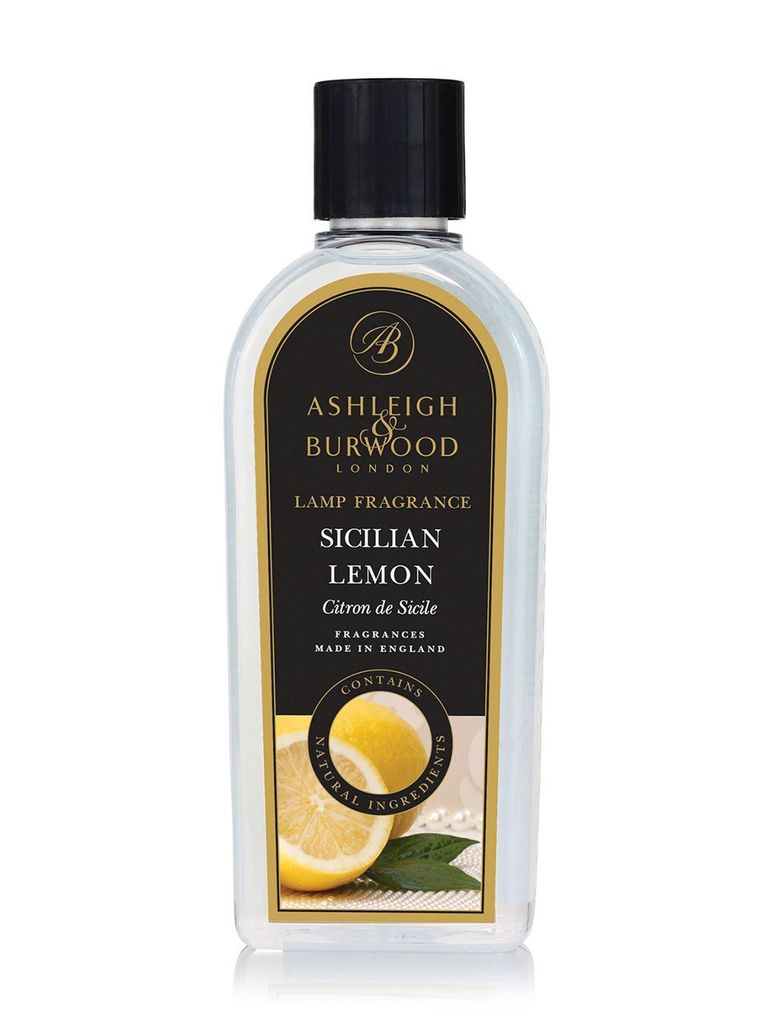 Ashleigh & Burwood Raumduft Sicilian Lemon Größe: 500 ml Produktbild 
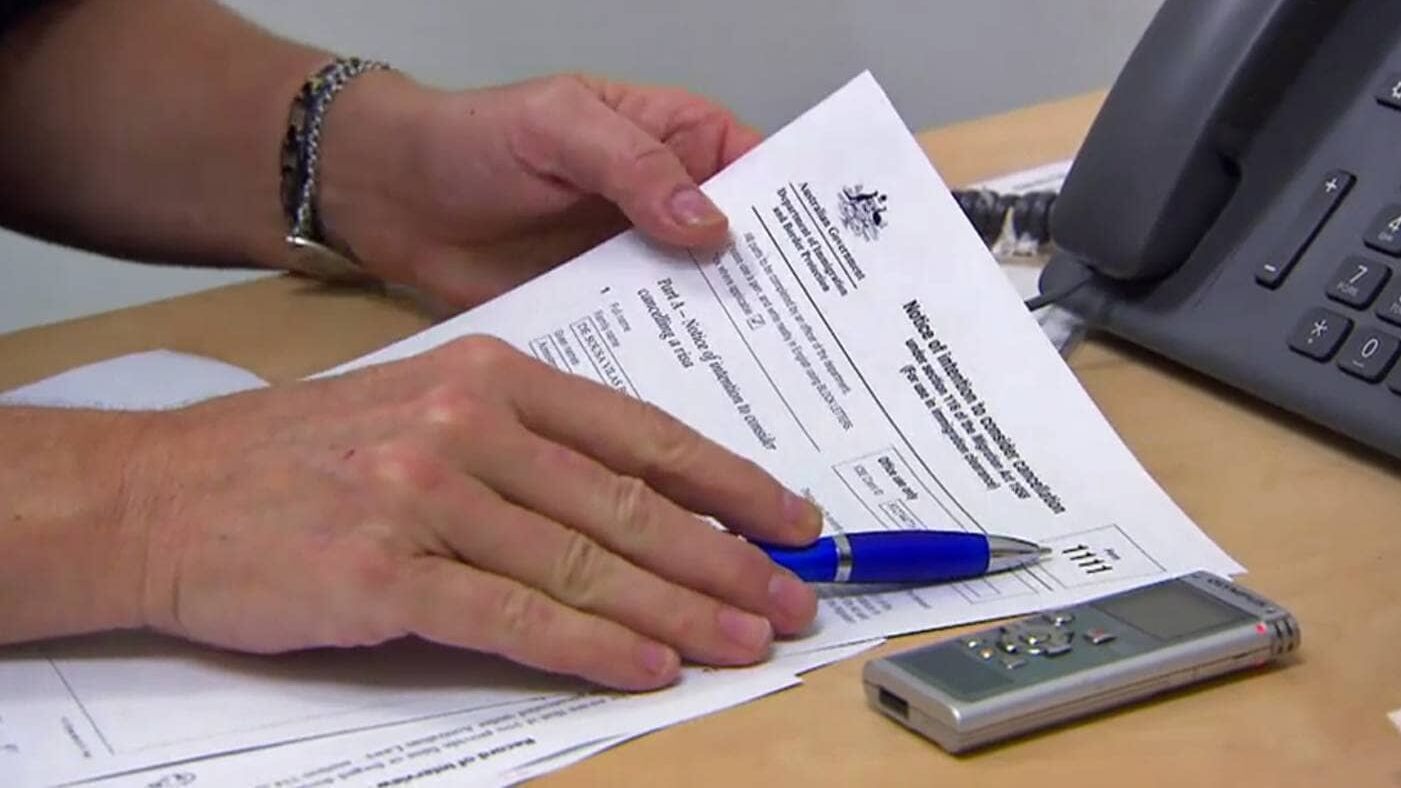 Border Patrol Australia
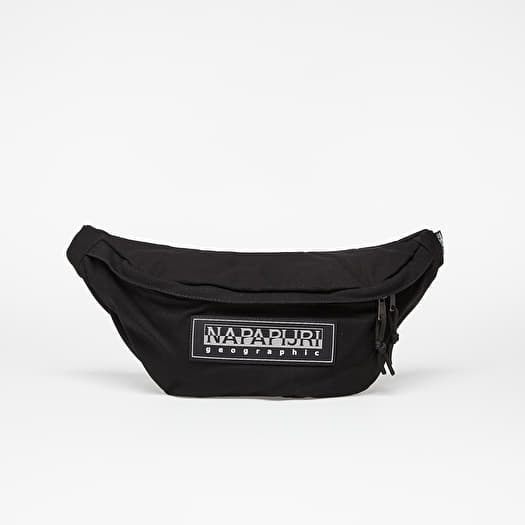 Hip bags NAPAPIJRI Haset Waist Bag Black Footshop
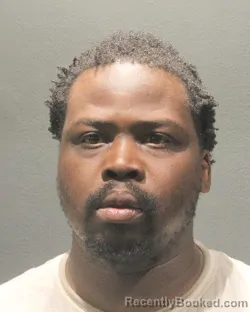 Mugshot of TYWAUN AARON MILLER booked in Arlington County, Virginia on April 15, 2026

-*-*-

Transcribe the whole listing exactly. Pictures stay out of your copy.

 Ashleigh & Burwood Raumduft Sicilian Lemon Größe: 500 ml Produktbild 
 Border Patrol Australia
 Hip bags NAPAPIJRI Haset Waist Bag Black Footshop
 Mugshot of TYWAUN AARON MILLER booked in Arlington County, Virginia on April 15, 2026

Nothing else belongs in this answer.